Malmö, Sweden, is half an hour train ride from Copenhagen. I was surprised when I learned that it is the third most populous city in Sweden, with less than 300 thousand inhabitants. I don´t think it would crack the top 100 over here. It surely has the feeling of a small countryside... downtown is somewhat busy during daytime, everything closes early, and the nightlife ends when it should be begining.

If you are on a budget it might be a good idea to stay in Malmö when visiting Copenhagen. The train crosses the Oresund bridge every twenty minutes and the regular ticket was about 15 dollars. Just go to the main station in Copenhagen/Malmö, buy the ticket in the machine or on the balcony, and enjoy the quick trip with a very nice view.

I spent a night in Malmo before going to Stockholm and a single room at the hostel Bosses Gastaninga was a good option for someone like me, who just needs ground to walk on, food to eat, beer to drink, and bed to sleep in.

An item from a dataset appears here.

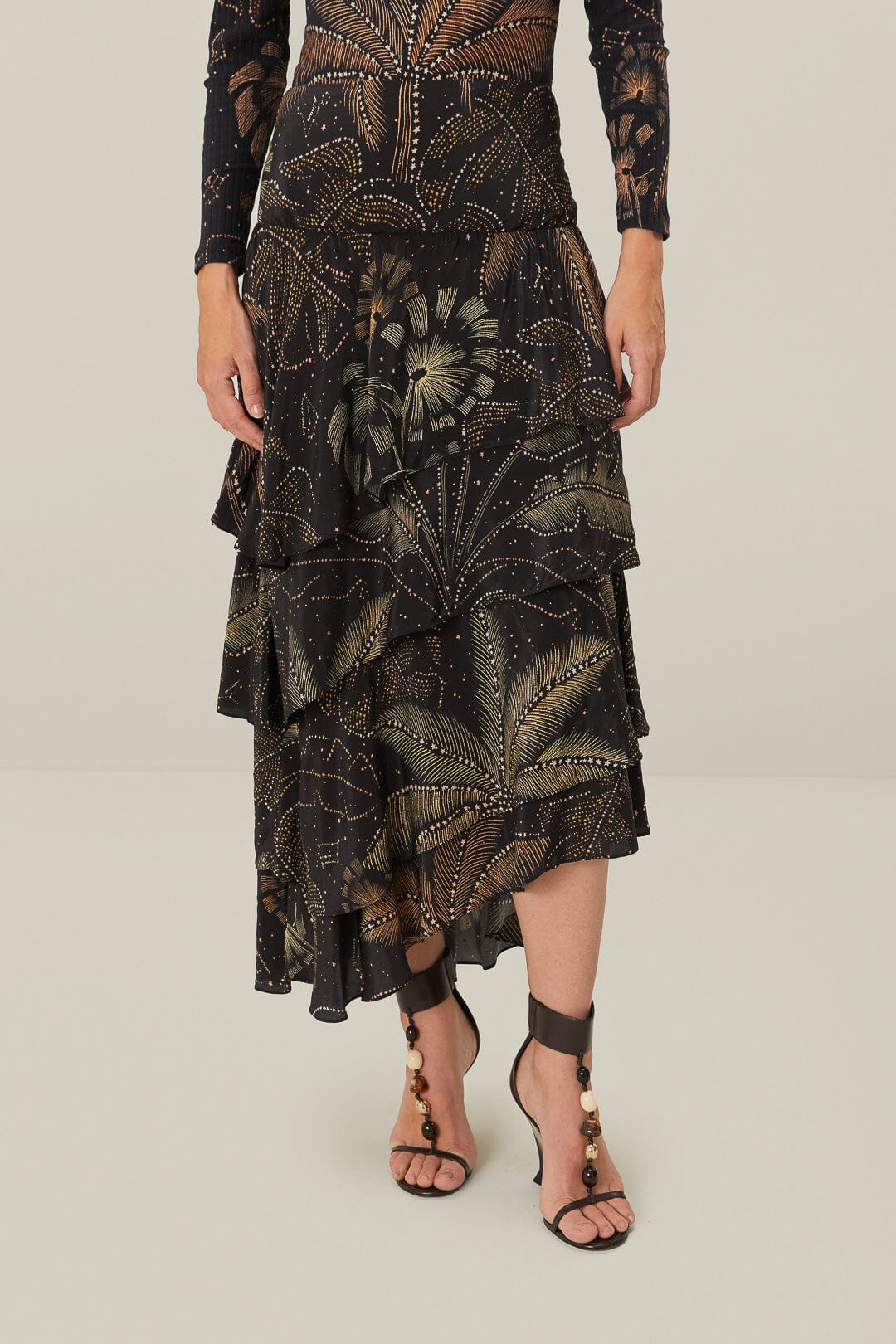 Black Golden Foliage Ruffled Skirt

I had one day to spend so I made my way through Stortorget (main square with the city hall on one side) and Gusav Adolfs Torg, waiting for the city to wake up (businesses in Malmo open around 11 am and close at 6 pm). This is an historical area with lots of cafés and small shops. One thing that surprised me was how many flowers and plants there were around! Maybe it´s to make the most out of the colors before the harsh winter comes.

My first stop was for a quick breakfast. There are so many cafes and coffebars around that I could tell that the swedes, like the brazilians, take their coffee very seriously. I guess it´s something we share, besides a history of crushing them whenever we meet in the World Cup.

Solde Kaffebar is a great stop. It´s right next do the Sofra Forstadskanalen and near the Davidshalls, a bridge with fun sculptures of shoes. Solde has high ounters and stools, creating an open and shared social space. It´s definetly not Starbucks where you sit for hours to use the internet. It reminded me of the oldest coffee shops, where bump into each other and make small talk about the news, oblivious to things like interior design, bosa nova, or font types on chalkboards. It´s just people colliding, enjoying the scents, and living the company.








From there I walked down Sodertull to Triangeln. Lots of clothing (only a few worthy places) and interior design shops. More coffe options along the way for a nice break, and more beautiful women everywhere you look. Asking for directions is almost like asking to fall in love. The Davidshallstorg area felt very hip, with some vintage shops and more fashionable stores like Trés Bien, Meadows of Malmo. A lof of nice restaurants too, but all very pricy. Actually, food was the most expensive thing when traveling around Scandinavia. I´d never seen anything like it. It felt like I was a viking, savouring every bit of scarce food, conquered from the elements.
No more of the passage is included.